Eric Jackson as a regular contributor to Forbes Magazine writes some very interesting management articles. In addition to writing for Forbes, Jackson is the Founder and Managing Member of Ironfire Capital LLC and he has completed his Ph.D. in the Management Department at the Columbia University Graduate School of Business in New York, with a specialization in Strategic Management.
As many of us in government often take over or become involved with dysfunctional teams, Jackson’s latest article Ten Ways to Turnaround a Dysfunctional Team offers some great advice that I am passing along. Below is Jackson’s list without his additional explanation, which you can read at the link above.
- Get rid of non-performers immediately.
- Fill vacant roles with capable people with amazing attitudes, skills for that particular area, and zealous attention to detail and follow-through.
- Set the vision for the group and establish milestones to achieving the vision.
- Follow-up and remind the team how they’re doing against the milestones.
- Agree on meeting ‘rules of the road.
- Schedule regular face time with each of your team members at least monthly and ideally bi-weekly.
- Hold fewer team-wide meetings but smaller ones with the right people attending.
- Do annual performance reviews and discuss the team member’s developmental needs.
- Hold people accountable.
- Measure the team’s progress at least annually.
What do you think of this list based on your experience working with a team? Are these items doable in a government setting?
The only one I would question is #1, just because some people have a worse learning curve than others but have the motivation and skills to get the job done as well as anyone else once they get there. There is a point that it gets beyond reason, but I don’t know if I’d say ‘immediately’. I would get rid of someone immediately if their problem was laziness and apathy.
I agree with Corey on # 1 – primarily because ‘non-performers’ may be not performing due to a lack of leadership, not because they don’t want to do a good job. People get fed up with crappy management. Add to that the due process of firing someone, and that it will probably take a new manager at least 60 days to really know what the heck is going on in the first place.

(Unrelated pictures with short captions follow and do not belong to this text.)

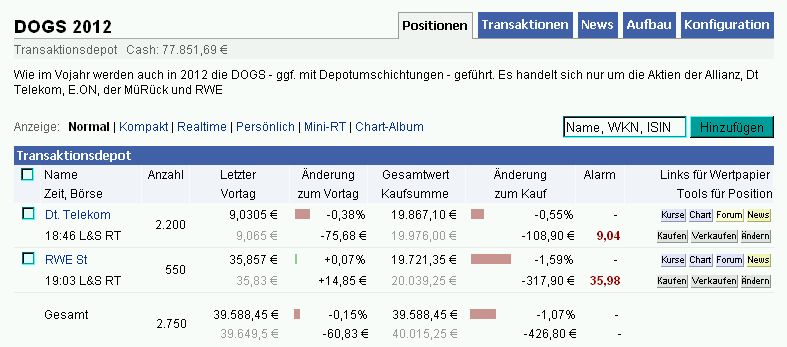 Dogs of the Dax 2011 496853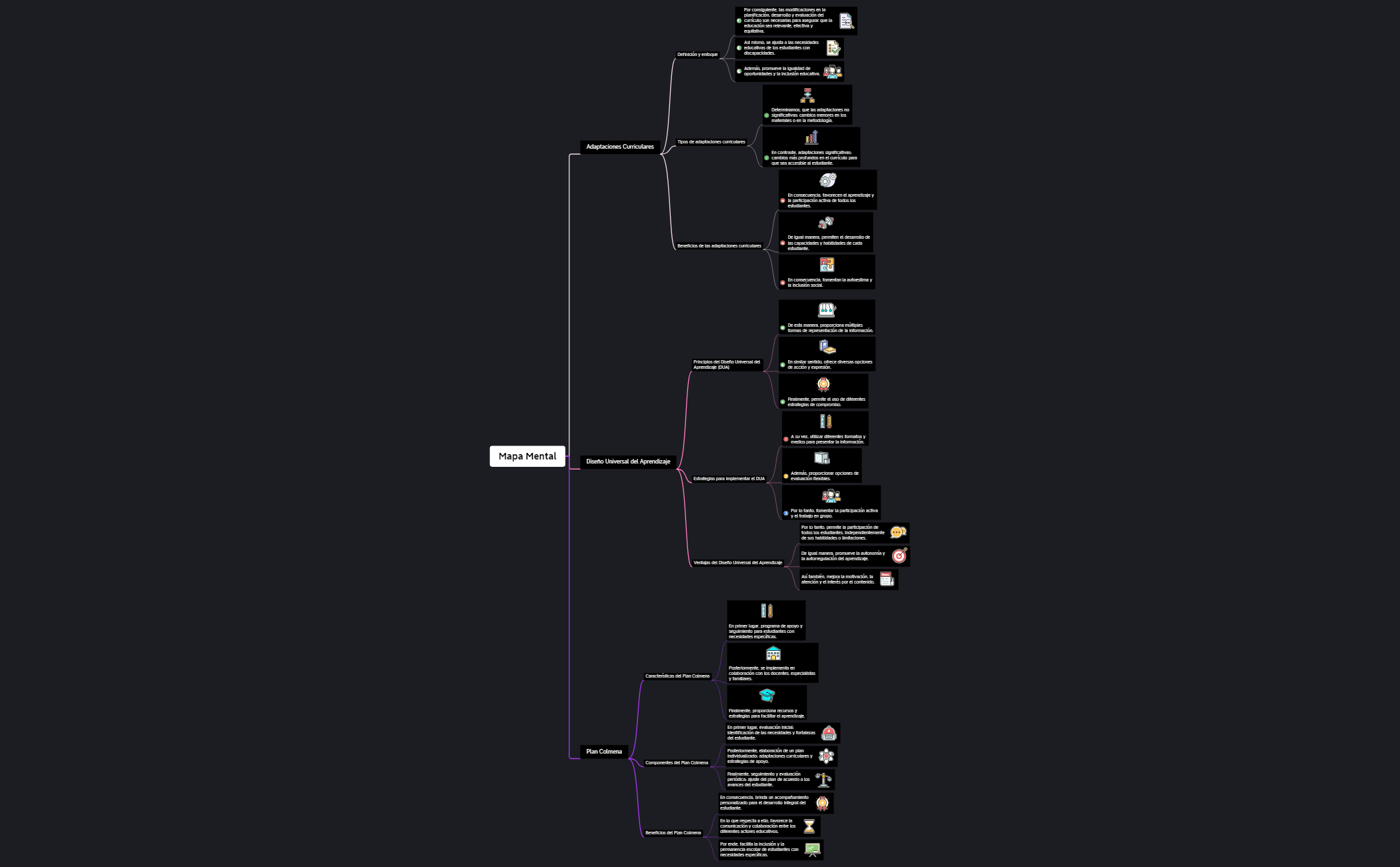 Mapa Mental preview 1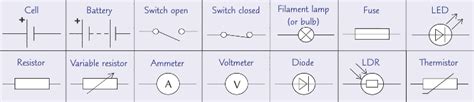 4.2 Circuit Symbols Diagram | Quizlet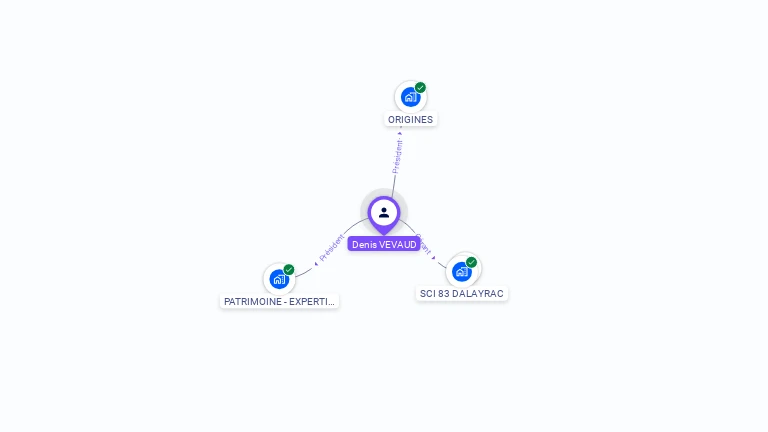 Cartographie gratuite de Denis VEVAUD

I also think the most important item is missing from this list entirely. Timely, quick feedback is critical to leading.
My approach is very similar to the feedback model at manager tools.
First, it’s important to give positive and corrective feedback on a consistent basis. People shouldn’t think the only time you give feedback is when something bad is about to go down.

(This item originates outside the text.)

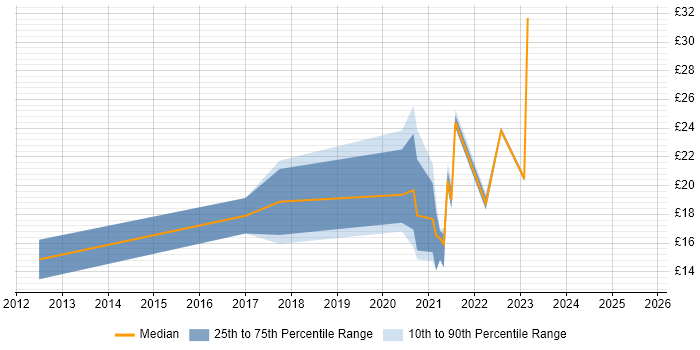 Contractor hourly rate distribution trend for jobs with remote work options citing Innovative Thinking Contractor hourly rate distribution trend for jobs with remote work options citing Innovative Thinking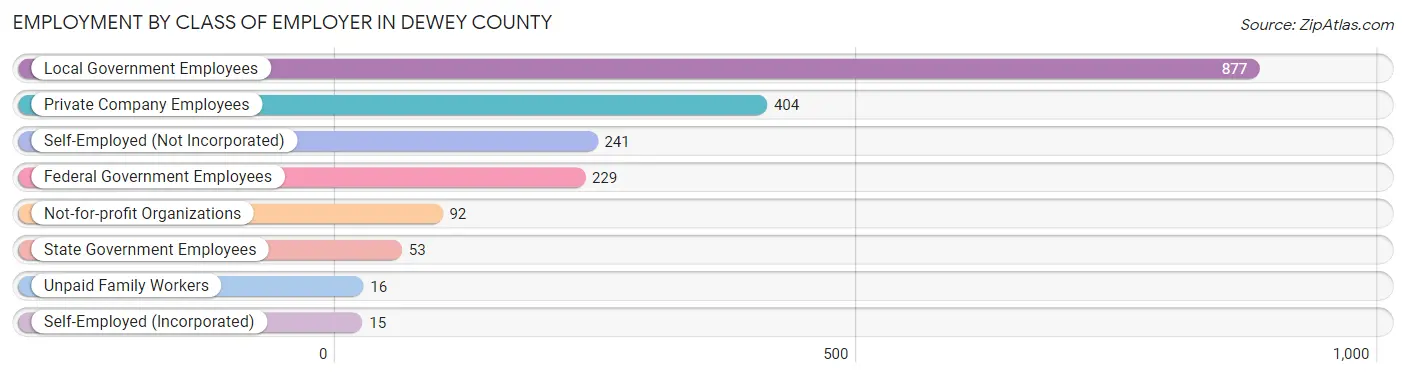 Employment by Class of Employer in Dewey County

I just ask if I can give them feedback, state the observed behavior (not attitude, etc) and the resulting impact on themselves, the team, or me. Usually I leave it at that. I usually don’t force people into telling me how they will correct their behavior on the spot. Usually they will end up coming to me later and want to let me know what they are doing to correct it.
Again, it’s very important to give positive feedback too, and I tend to catch my people doing things right wayyy more often than I have corrective feedback for them. That goes a long way towards building trust and making people see I’m not out to get them, I only want to help them grow professionally.
I’m sharing a lot of the same reservations with #1 – but I get the gist of it. You want to be able to not have negative energy/non-performing “hanger ons”. Good luck with swift action for removal of an employee.
Personally, I think there’s one big assumption here – that you are the supervisor for each of your team member. And that doesn’t always happen, especially in the project world.
One dimension I’d add to this list is leadership. The assumption that the team is dysfunctional because they need directions and waypoints to check against is but only one possible cause to the dysfunction problem. Do they feel connected to the project? Do they feel that what they do actually matters? Inspiration and excitement can do a lot for team dynamics. Get them excited and show that their input matters.
Very important from Deb: “I think there’s one big assumption here – that you are the supervisor for each of your team member. And that doesn’t always happen, especially in the project world.”
Sometimes the best you can do is coach and influence in a projectized environment (or one where the lines of authority are unclear).
The real challenge is when you have to work with the team you are given. How do you turn the team of “Moe, Larry, and Curly” into a high-performance project team?